SAHI helps overcome the problem with detecting and segmenting small objects in large images by utilizing inference on image slices and prediction merging. Because of this it is slower than running inference on full image but at the same time usually ends up having better performance, especially for smaller features.

The idea is simple:

  1. Generate sliced dataset of small 128x128 non-overlapping tiles from the bigger 350x350 input images
  2. Use this dataset to train new model
  3. During training resize the crops to e.g. 320x320 resolution and train on those
  4. When running inference generate overlapping tiles, inference on those tiles, and merge the predicted masks by averaging the predictions in the overlapping areas
Data prep

To create SAHI dataset of small images run:

python ./kelp/data_prep/ \
    --data_dir=data/raw/train \
    --metadata_fp=data/processed/train_val_test_dataset.parquet \
    --output_dir=data/processed/sahi \
    --image_size=128 \


To run SAHI training run:

python ./kelp/nn/training/ \
    --data_dir data/processed/sahi \
    --output_dir mlruns \
    --metadata_fp data/processed/sahi/sahi_train_val_test_dataset.parquet \
    --dataset_stats_fp data/processed/2023-12-31T20:30:39-stats-fill_value=nan-mask_using_qa=True-mask_using_water_mask=True.json \
    --cv_split $(FOLD_NUMBER) \
    --batch_size 32 \
    --num_workers 4 \
    --bands R,G,B,SWIR,NIR,QA,DEM \
    --image_size 320 \
    --resize_strategy resize \
    --interpolation nearest \
    --fill_missing_pixels_with_torch_nan True \
    --mask_using_qa True \
    --mask_using_water_mask True \
    --use_weighted_sampler True \
    --samples_per_epoch 10240 \
    --has_kelp_importance_factor 3 \
    --kelp_pixels_pct_importance_factor 0.2 \
    --qa_ok_importance_factor 0 \
    --qa_corrupted_pixels_pct_importance_factor -1 \
    --almost_all_water_importance_factor 0.5 \
    --dem_nan_pixels_pct_importance_factor 0.25 \
    --dem_zero_pixels_pct_importance_factor -1 \
    --normalization_strategy quantile \
    --architecture unet \
    --encoder tu-efficientnet_b5 \
    --pretrained True \
    --encoder_weights imagenet \
    --lr 3e-4 \
    --optimizer adamw \
    --weight_decay 1e-4 \
    --loss dice \
    --monitor_metric val/dice \
    --save_top_k 1 \
    --early_stopping_patience 50 \
    --precision 16-mixed \
    --epochs 10 \
    --swa False \
    --sahi True


To run model prediction on selected directory of images run:

python ./kelp/nn/inference/ \
    --data_dir=data/raw/splits/split_8/images \
    --dataset_stats_dir=data/processed \
    --output_dir=data/predictions/sahi-split=8 \
    --run_dir=mlruns/567580247645556359/5691fc348f874ffdb2fc6c9616e11246 \
    --decision_threshold=0.48 \
    --sahi_tile_size=128 \

Note: The crop resize strategy including image_size will be resolved at runtime using original training config.

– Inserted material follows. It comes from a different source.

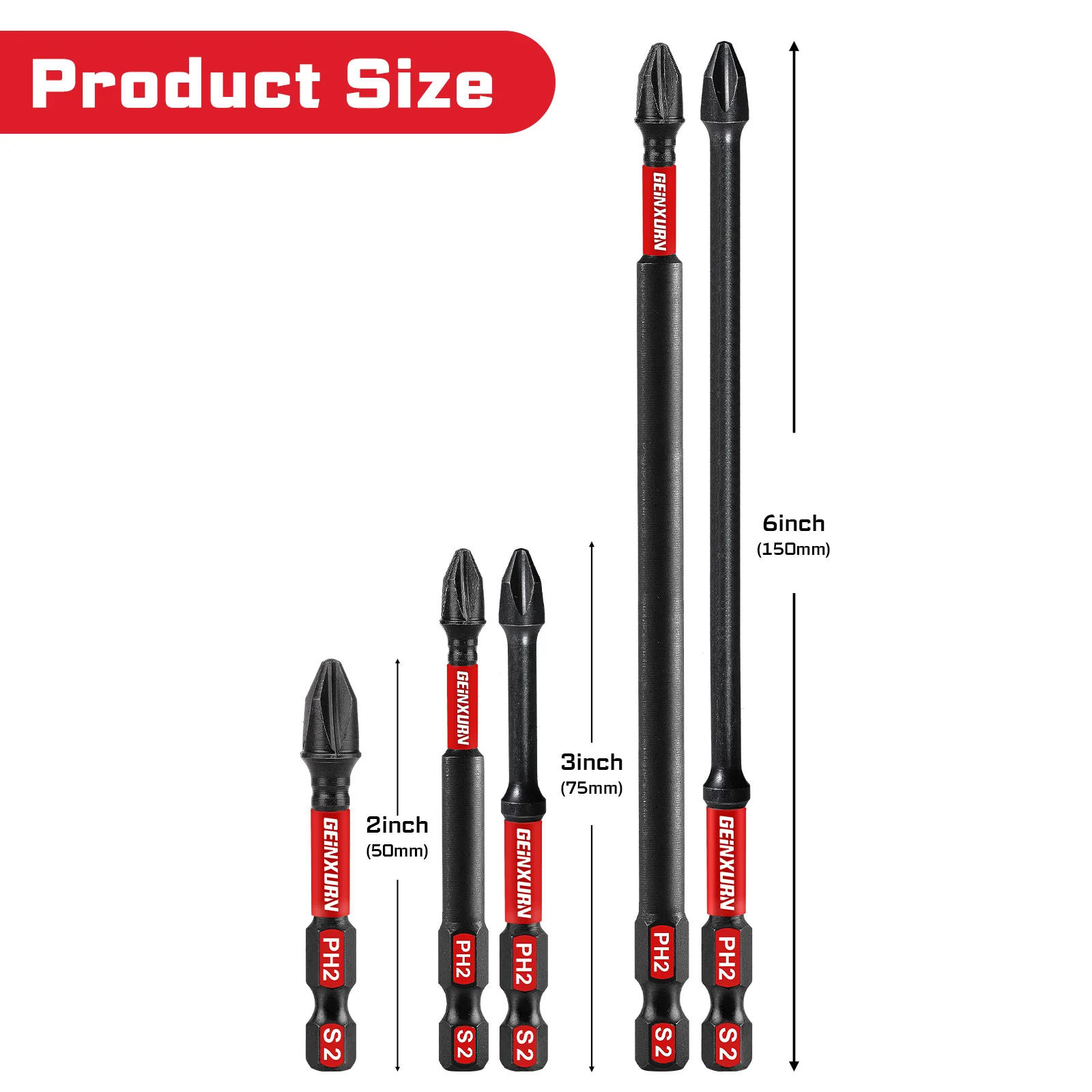 Geinxurn 20Pcs  2''/3''/6'' Impact Power Driver bit set , S2 Alloy Steel Bit(Phillips) with Bit Holder and Storage Organizer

To make a submission file:

python ./kelp/nn/inference/
    --data_dir=data/raw/test/images \
    --dataset_stats_dir=data/processed \
    --output_dir=data/submissions/sahi \
    --run_dir=mlruns/567580247645556359/5691fc348f874ffdb2fc6c9616e11246 \
    --precision=bf16-mixed \
    --decision_threshold=0.48 \
    --preview_submission \
    --preview_first_n=10 \
    --sahi_tile_size=128 \


Best model trained on 128x128 crops with 320x320 resize and nearest interpolation resulted in public LB score of: 0.6848.